052 CIAHAD

052 CIAHAD

Umbau Ferienhaus

Blickt man von der luftigen Veranda aus 1800 Meter Höhe über Meer in das Tal, ist es, als würde man über die Bündner Berglandschaft fliegen. Auf Terra Grischuna ist man dem Himmel nah. Die Abgeschiedenheit, der Weitblick prägen diesen Ort mit den Strickbauten aus dem 17. Jahrhundert und schaffen eine behagliche Atmosphäre.

Das Ferienhaus CIAHAD, das sich auf dem Hügel von den anderen Bauten in der Nachbarschaft abhebt, gibt sich unbeeindruckt von der Entwicklung Arosas: Eine Kleingemeinde die erst zu einem Kurort wurde, schliesslich zu einem lebhaften Tourismusort mit kühner, moderner Architektur, der heute bloss noch spröden Charme versprüht.
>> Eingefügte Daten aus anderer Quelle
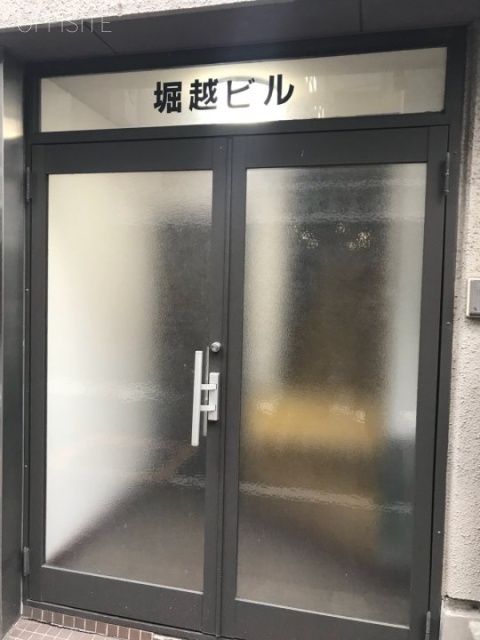 堀越ビル エントランス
Das Haus CIAHAD lädt seit jeher zum Verweilen ein. Nach einer alten Anekdote sollen sich Wanderer mit jener Selbstverständlichkeit vor das Haus gesetzt haben, wie sie es in einem Gasthaus tun würden. Die Mutter des Bauherrn versorgte sie mit Getränken. Und liess sie im Glauben, das Haus sei tatsächlich ein Gasthaus. So falsch lagen die Wanderer nicht, verbirgt sich hinter dem Namen CIAHAD doch gerade diese Bedeutung. Die Abkürzung CIAHAD, Englisch ausgesprochen, steht für «Come In And Have A Drink». Der Urgrossvater des Bauherrn aber hatte eine andere Intention, als er das Haus so nannte. Er war einst Anwalt des Shahs von Persien und besass ein Haus in Teheran. Der Name des Hauses in Arosa, das er 1930 kaufte, sollte demnach einen persisch klingenden Namen haben: schliesslich kam er auf CIAHAD.

Das Ferienhaus prägen noch ältere Geschichten. Das einstige Bauernhaus wurde bereits im 19. Jahrhundert als Feriendomizil genutzt. Die zahlreichen Umbauten über die Jahrzehnte fügten dem Haus immer mehr Schichten und Materialien zu. Unser Eingriff entfernte diese Schichten bis auf die solide, hölzerne Grundstruktur und fügte wiederum eine neue Schicht hinzu.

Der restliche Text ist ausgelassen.